** ENTRIES PROVIDED follows **
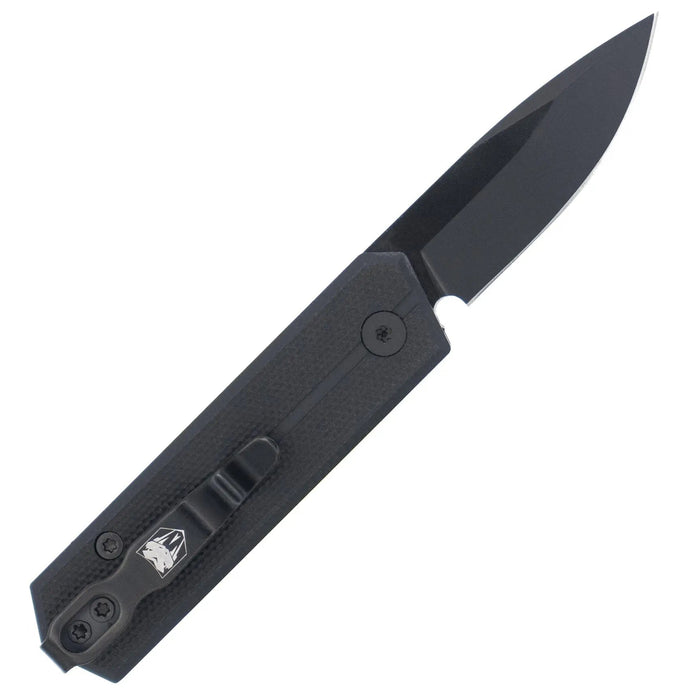 CobraTec CTSTRBLK Stinger (D2, Drop Point, Black Coated, G10, Side Button) Automatic Pocket Knife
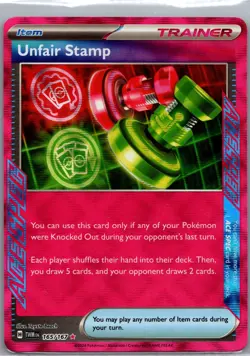 Unfair Stamp 165/167 - Pokemon SV06: Twilight Masquerade - Ace Spec Rare (NM) - Image 1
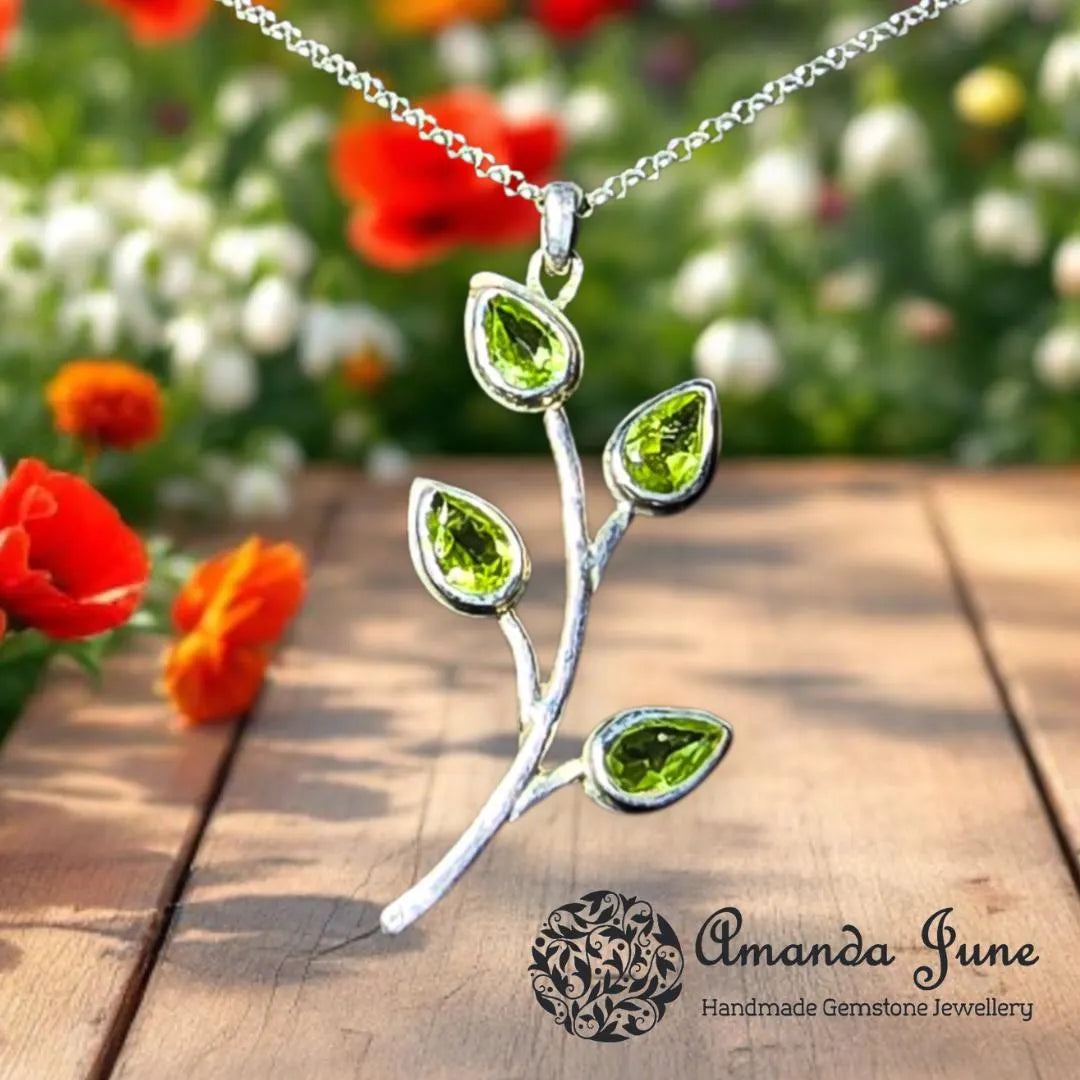 Peridot Leaf Pendant in Sterling Silver Nature-Inspired Handmade Gemstone Pendant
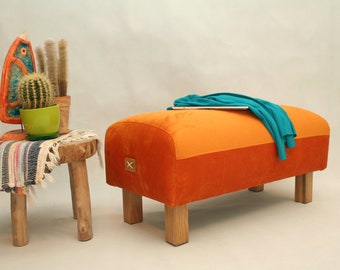 Style Orange Ottoman, Upholstered Ottoman, Mexican Style, Upholestered Bench, Pouf Ottoman, Entryway bench, Seat, Furniture, Chair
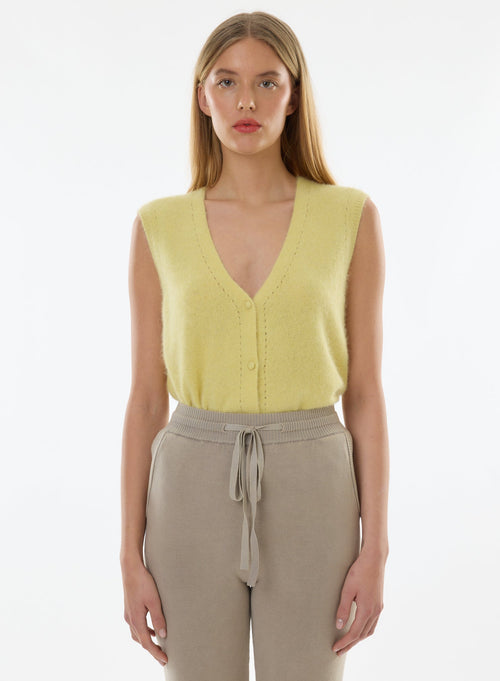 Gilet Jaune Col V Sans Manches - MAJESTIC FILATURES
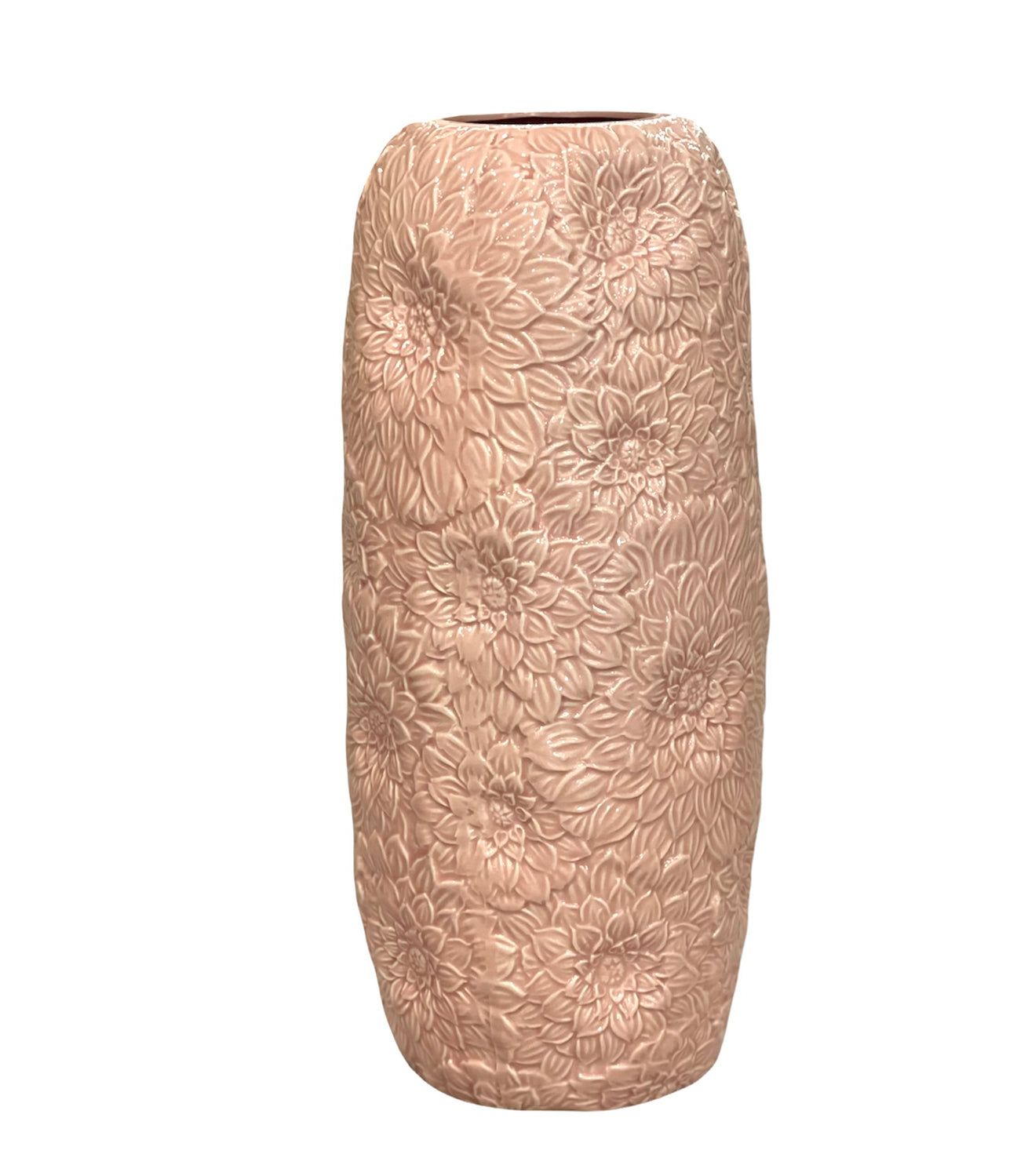 Vaso in Ceramica Rosa Antico con Decori Floreali 45 cm - L'Arte di Nacchi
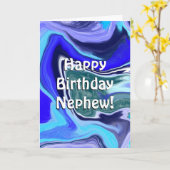 Happy Birthday Nephew | Blauer und weißer Marmor Karte (Gelbe Blume)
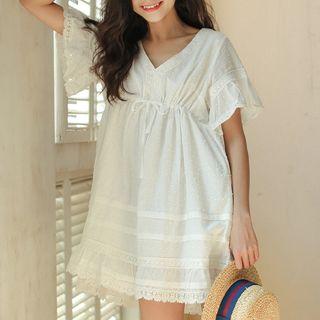 V-neck Short-sleeve Lace Minidress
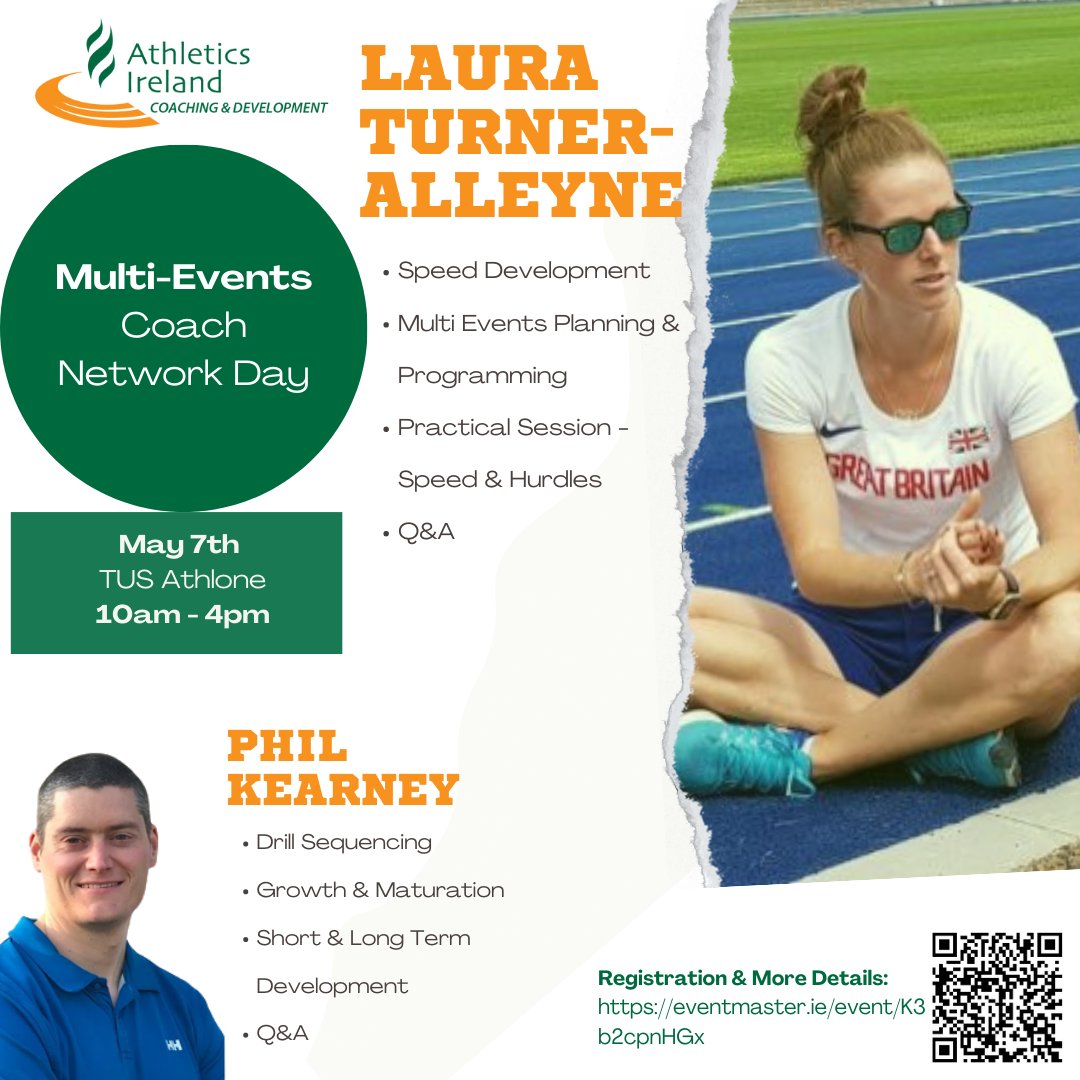 ✨Multi-Events Coach Network day✨

The day will feature presentations, practical workshops &amp; opportunities to interact and engage with Laura Turner-Alleyne, Dr. Phil Kearney &amp; other experienced coaches

📍TUS Athlone
📅May 7th

Registration &amp; more info ➡️ athleticsireland.ie/news/multi-eve…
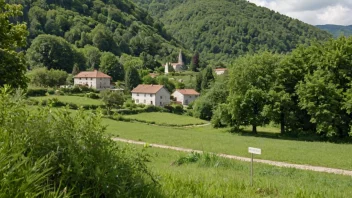 Et fredelig landskap med en liten landsby eller et enkelt hus i bakgrunnen, omgitt av natur.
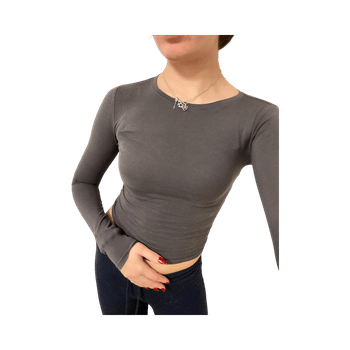 Grey long-sleeve top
** End of ENTRIES PROVIDED **
Each line above from the one containing "Coach Network day✨" through the one containing "Registration &amp; more" is to be returned verbatim. Nothing else, and no pictures.

 ✨Multi-Events Coach Network day✨

The day will feature presentations, practical workshops &amp; opportunities to interact and engage with Laura Turner-Alleyne, Dr. Phil Kearney &amp; other experienced coaches

📍TUS Athlone
📅May 7th

Registration &amp; more info ➡️ athleticsireland.ie/news/multi-eve…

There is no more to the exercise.